→ Problem: Skip the images and repeat every entry word for word.

→ Record set:
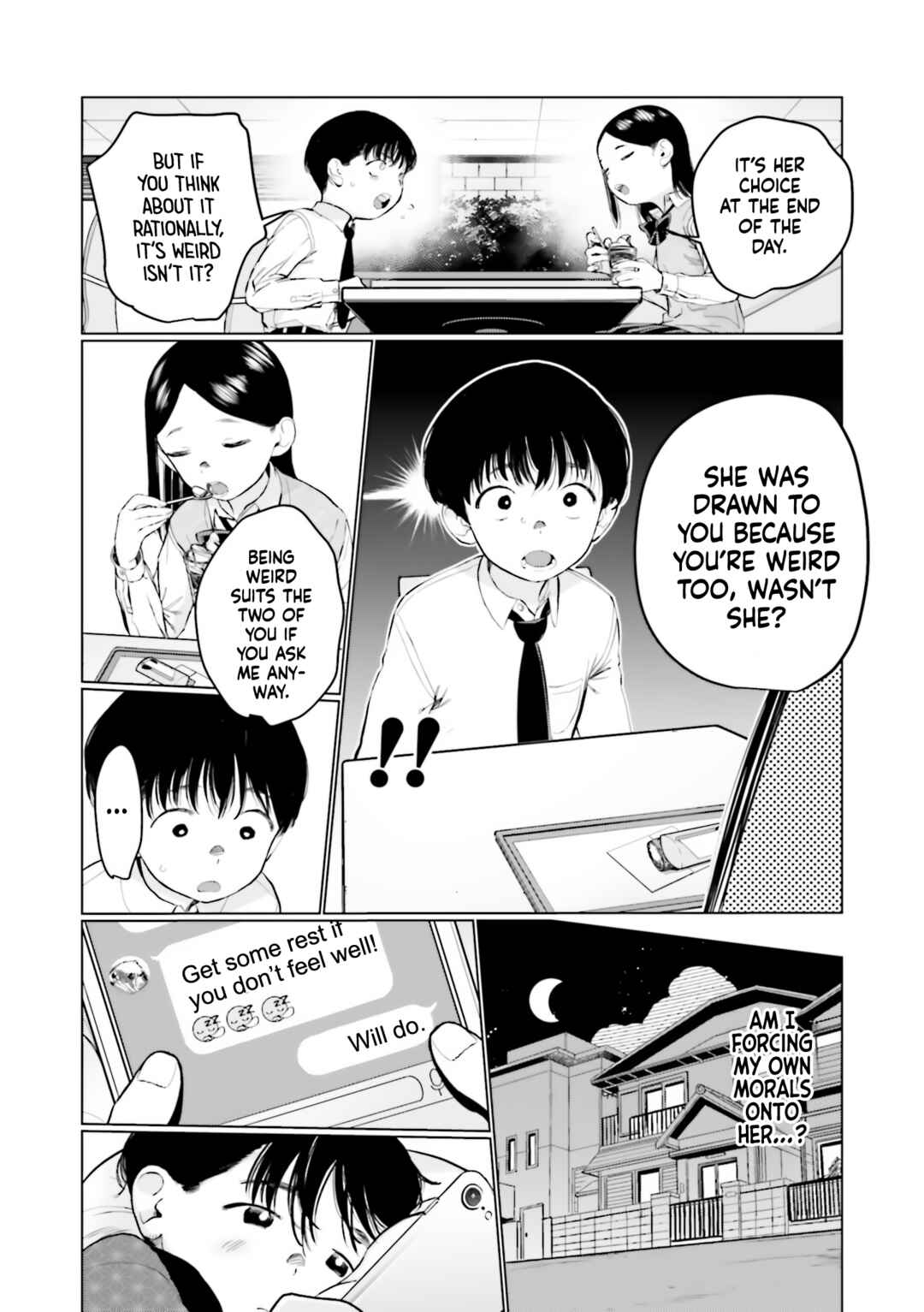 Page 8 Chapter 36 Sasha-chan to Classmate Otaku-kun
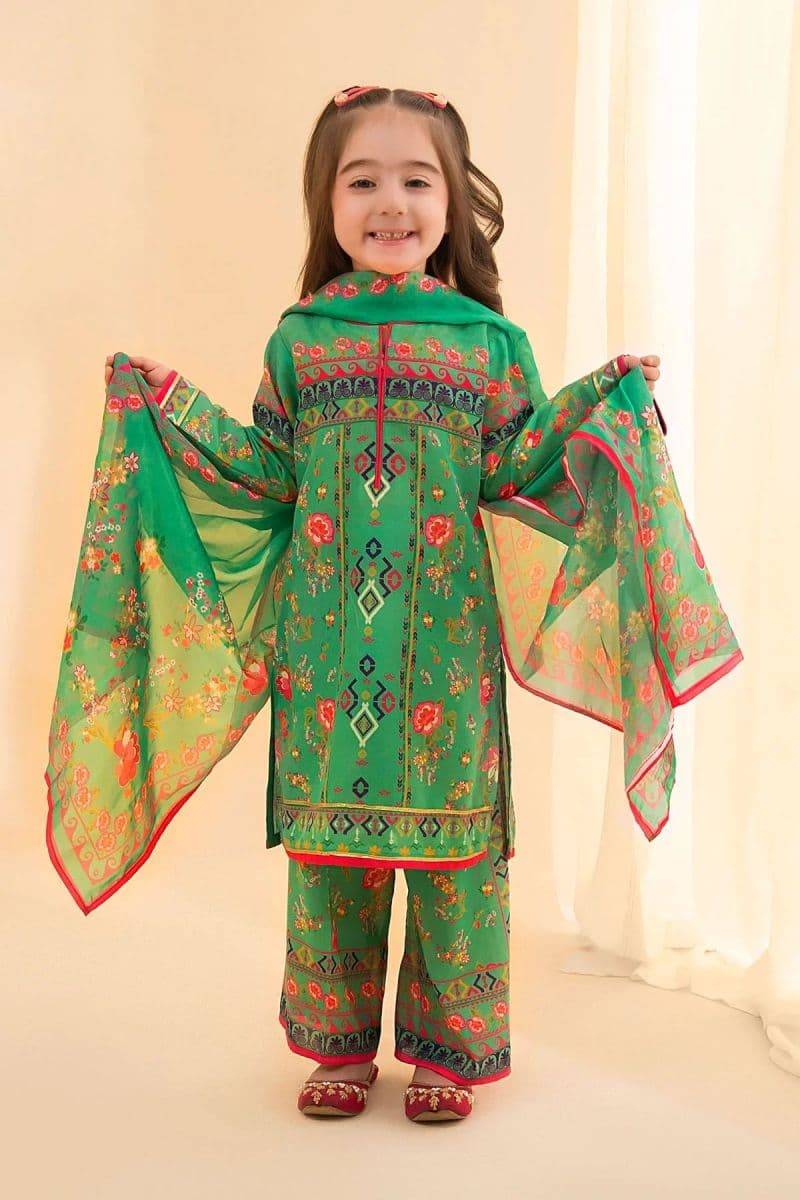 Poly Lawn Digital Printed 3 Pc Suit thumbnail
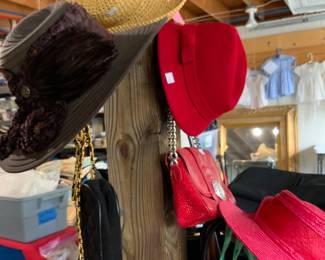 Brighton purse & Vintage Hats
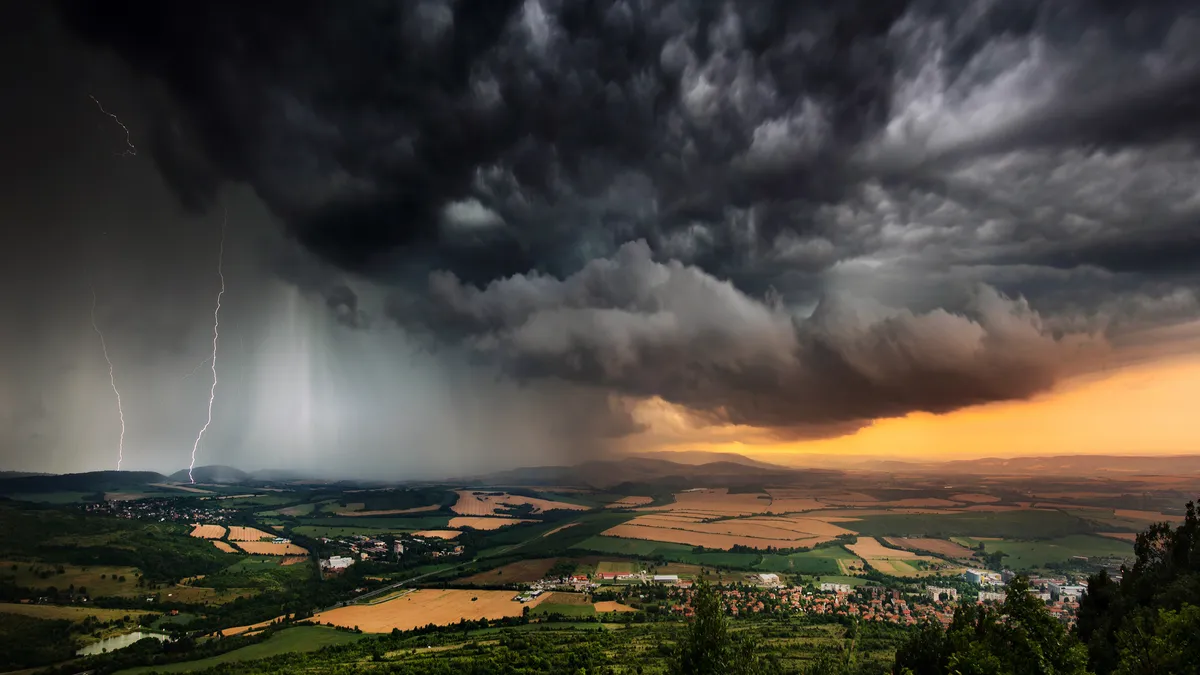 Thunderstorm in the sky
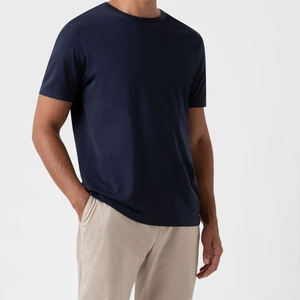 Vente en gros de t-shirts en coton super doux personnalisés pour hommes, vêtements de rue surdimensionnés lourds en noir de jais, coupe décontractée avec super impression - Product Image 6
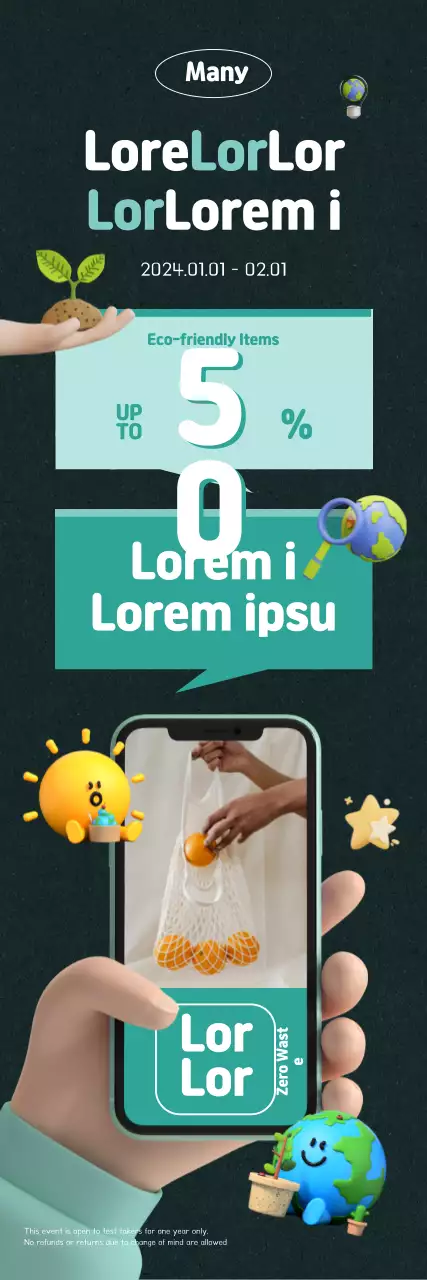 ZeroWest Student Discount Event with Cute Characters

→ Response box:
 Page 8 Chapter 36 Sasha-chan to Classmate Otaku-kun
 Poly Lawn Digital Printed 3 Pc Suit thumbnail
 Brighton purse & Vintage Hats
 Thunderstorm in the sky
 Vente en gros de t-shirts en coton super doux personnalisés pour hommes, vêtements de rue surdimensionnés lourds en noir de jais, coupe décontractée avec super impression - Product Image 6
 ZeroWest Student Discount Event with Cute Characters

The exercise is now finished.